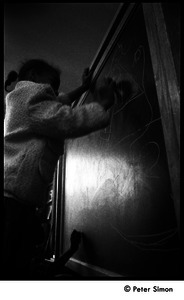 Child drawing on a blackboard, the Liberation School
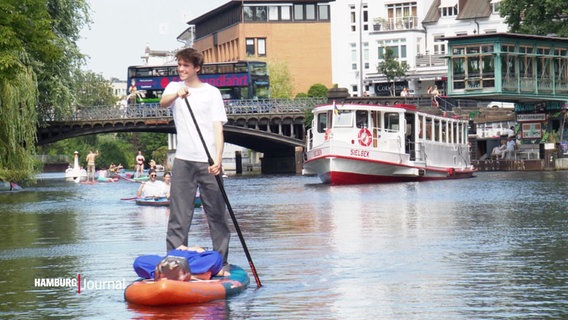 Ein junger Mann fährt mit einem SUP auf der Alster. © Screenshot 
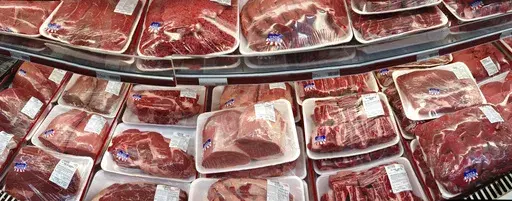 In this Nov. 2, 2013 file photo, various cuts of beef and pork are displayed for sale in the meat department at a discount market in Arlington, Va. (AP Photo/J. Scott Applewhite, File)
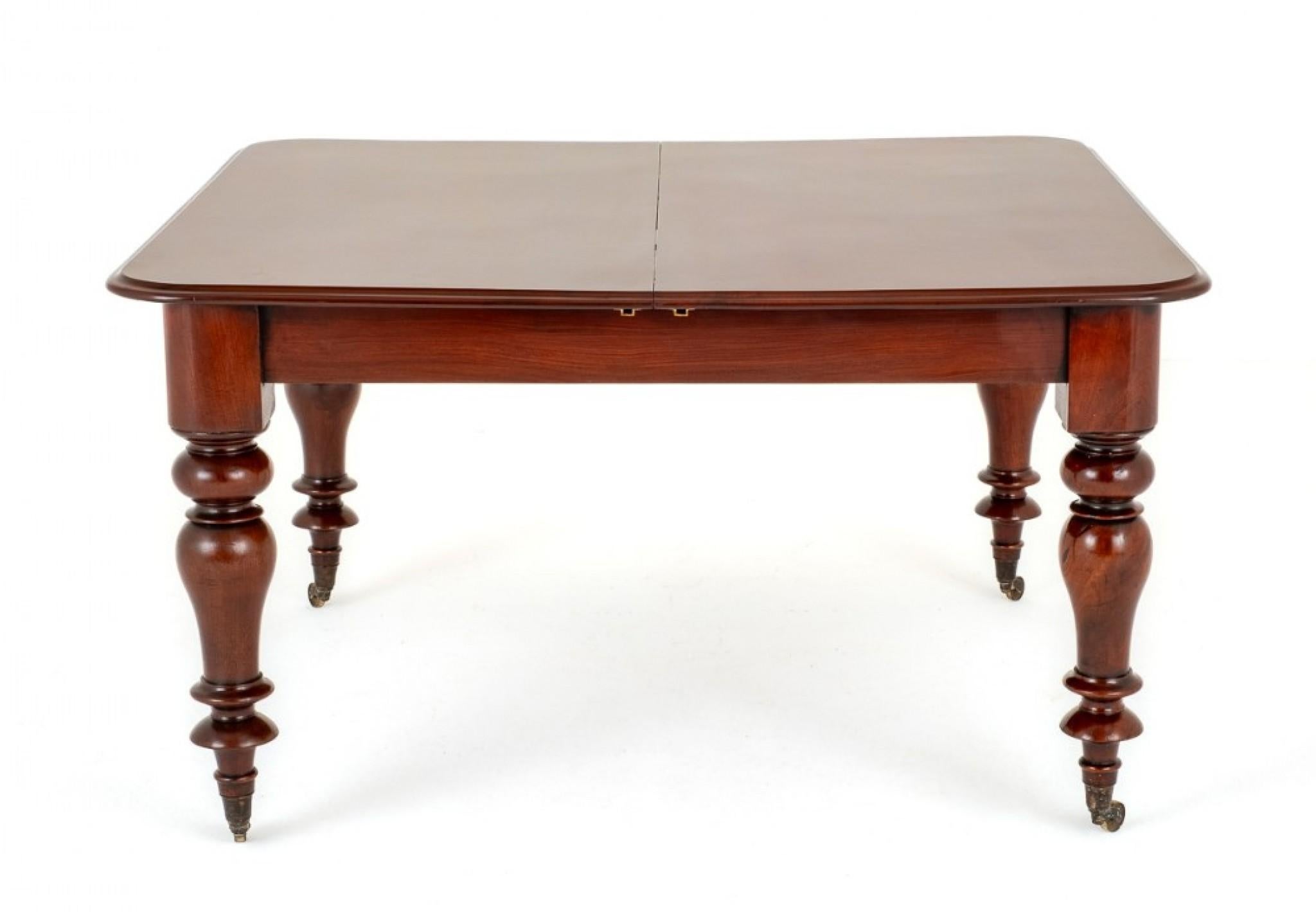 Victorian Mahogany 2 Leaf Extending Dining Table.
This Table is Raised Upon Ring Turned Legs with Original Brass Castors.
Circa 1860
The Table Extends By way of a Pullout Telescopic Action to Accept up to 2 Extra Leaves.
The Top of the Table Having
++++++++++
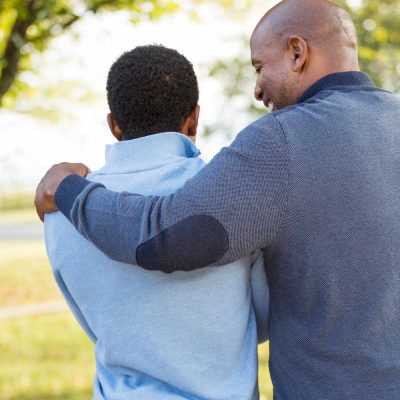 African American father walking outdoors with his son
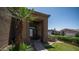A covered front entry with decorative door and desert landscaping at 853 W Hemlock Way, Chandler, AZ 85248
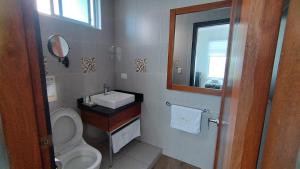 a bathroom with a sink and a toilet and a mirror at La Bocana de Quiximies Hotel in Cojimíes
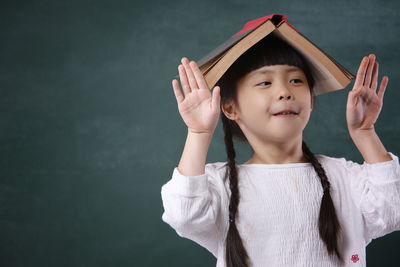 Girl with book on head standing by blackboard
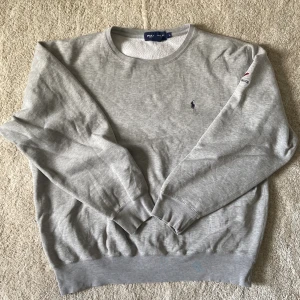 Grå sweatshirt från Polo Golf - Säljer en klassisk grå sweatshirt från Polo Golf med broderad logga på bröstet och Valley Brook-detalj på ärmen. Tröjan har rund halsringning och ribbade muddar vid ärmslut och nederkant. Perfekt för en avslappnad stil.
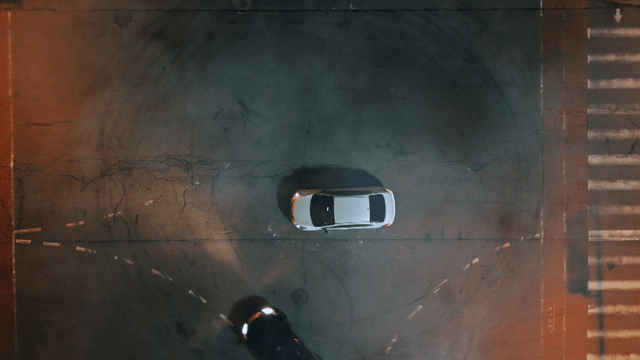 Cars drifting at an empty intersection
++++++++++
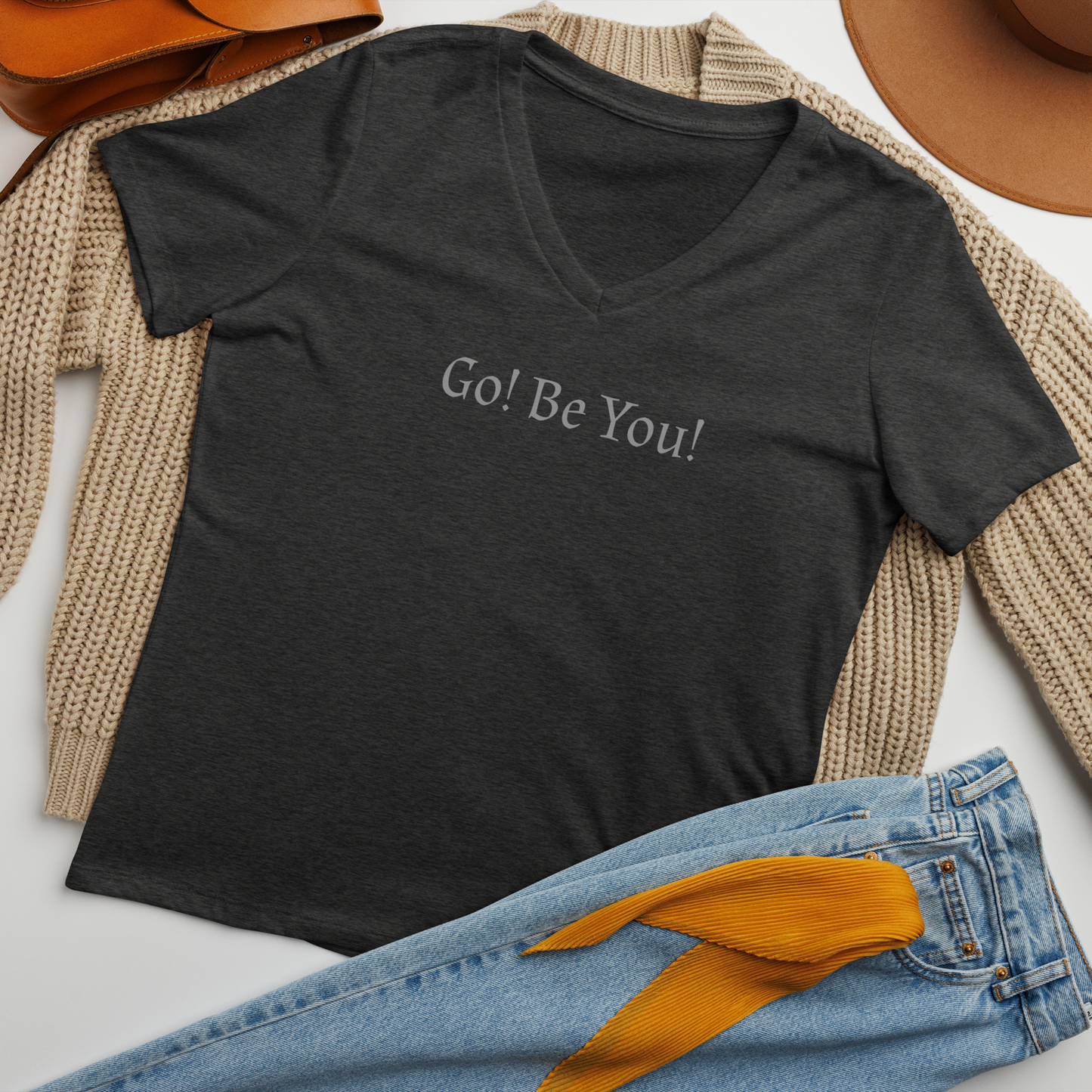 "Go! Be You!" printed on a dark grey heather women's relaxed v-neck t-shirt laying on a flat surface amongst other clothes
++++++++++
Aim of the task: Set the pictures aside and retype exactly the lines above from the line with "Ein junger Mann" to the line with "The Top of the Table Having", both included, adding no others.

Expected answer:
 Ein junger Mann fährt mit einem SUP auf der Alster. © Screenshot 
 In this Nov. 2, 2013 file photo, various cuts of beef and pork are displayed for sale in the meat department at a discount market in Arlington, Va. (AP Photo/J. Scott Applewhite, File)
 Victorian Mahogany 2 Leaf Extending Dining Table.
This Table is Raised Upon Ring Turned Legs with Original Brass Castors.
Circa 1860
The Table Extends By way of a Pullout Telescopic Action to Accept up to 2 Extra Leaves.
The Top of the Table Having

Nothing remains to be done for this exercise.